Historic England guidance

As the public body with responsibility of protecting heritage buildings, the primary source of guidance comes from Heritage England. The most relevant documents are outlined below and more guidance can be found on their website.

Energy Efficiency and Historic Buildings: How to Improve Energy Efficiency (2018) covers the ‘whole building approach’, outlining best practice for retrofitting heritage homes. Within this guidance, Historic England have included thirteen technical guides (see part 5: ‘Where to Get Advice’ on page 42). These cover best practice for roofs, window and floors, walls and floors.

Planning Responsible Retrofit of Traditional Buildings (2015) looks at the complexity and uncertainty in the way that older buildings, new technologies, nature and people perform and interact and how, by taking a realistic whole building approach, risks and liabilities can be reduced.

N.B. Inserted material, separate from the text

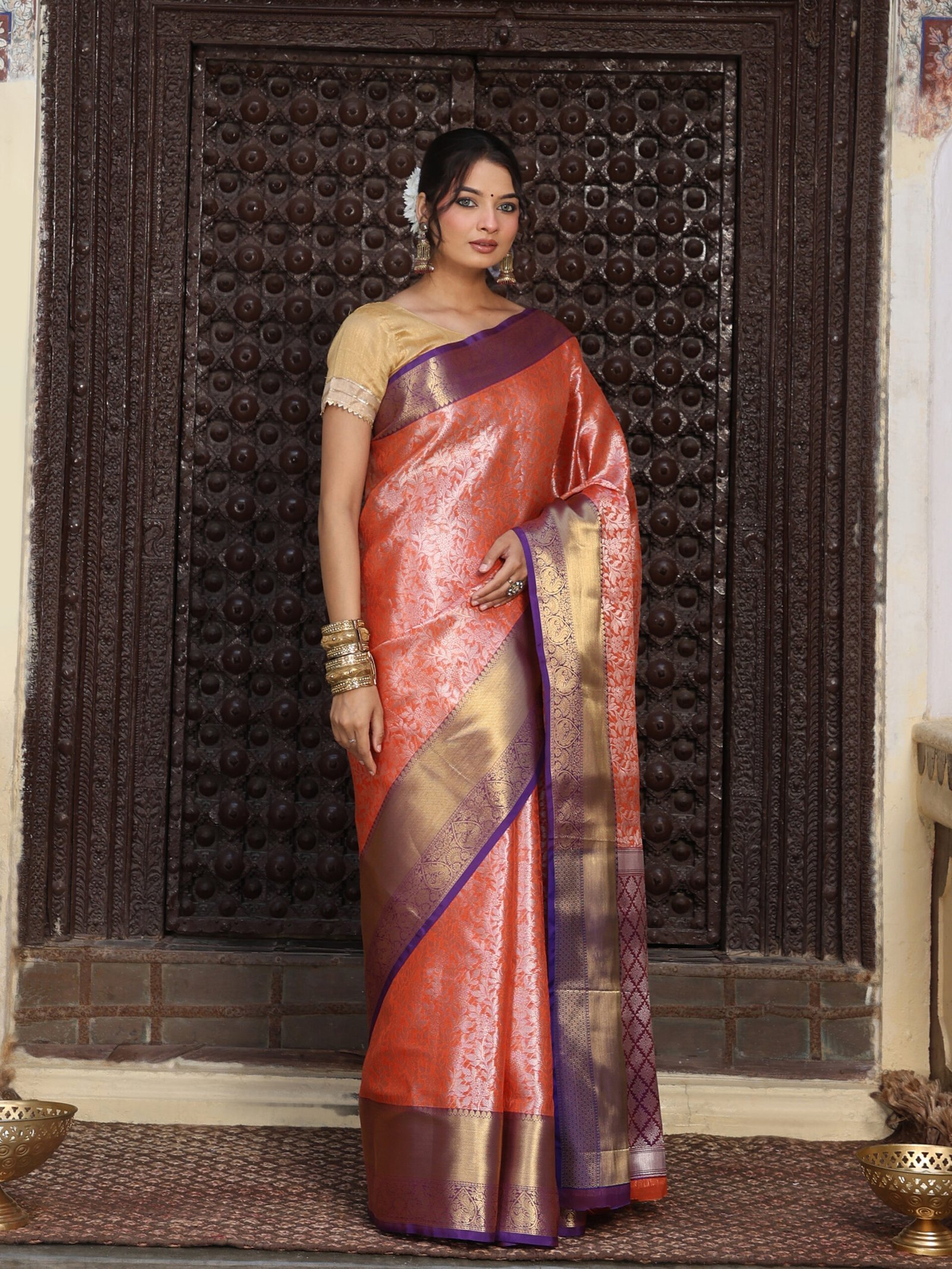 JACQUARD Saree - PEACH - Image 7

Energy Efficiency and Traditional Homes (2020) considers energy efficiency improvements to those traditional homes described as heritage assets within the planning system.

Other guidance

The Sustainable Traditional Building Alliance have created an interactive retrofit guidance wheel (updated in 2020). The wheel covers the benefits and drawbacks of various retrofit measures, linking to additional research in each area.

Responsible Retrofit of Traditional Buildings (2012) is a report on existing research and guidance with recommendations from the Sustainable Traditional Building Alliance guide which identifies the key issues in relation to retrofit.

In 2021, Historic Environment Scotland published Guide to Energy Retrofit of Traditional Buildings. Please note that there may be some differences between Scottish and English regulation, particularly in relation to planning.

Heritage Retrofit: Older Buildings and Sustainability is an annual magazine. The first edition, from 2017, was is free to access.

The Institute of Heritage Building Conservations has issued a guidance note (March 2022) as part of their toolbox on protecting and working on heritage buildings.

The UK Centre for Moisture in Buildings have created a framework dealing with managing excess moisture in older homes in relation to energy performance.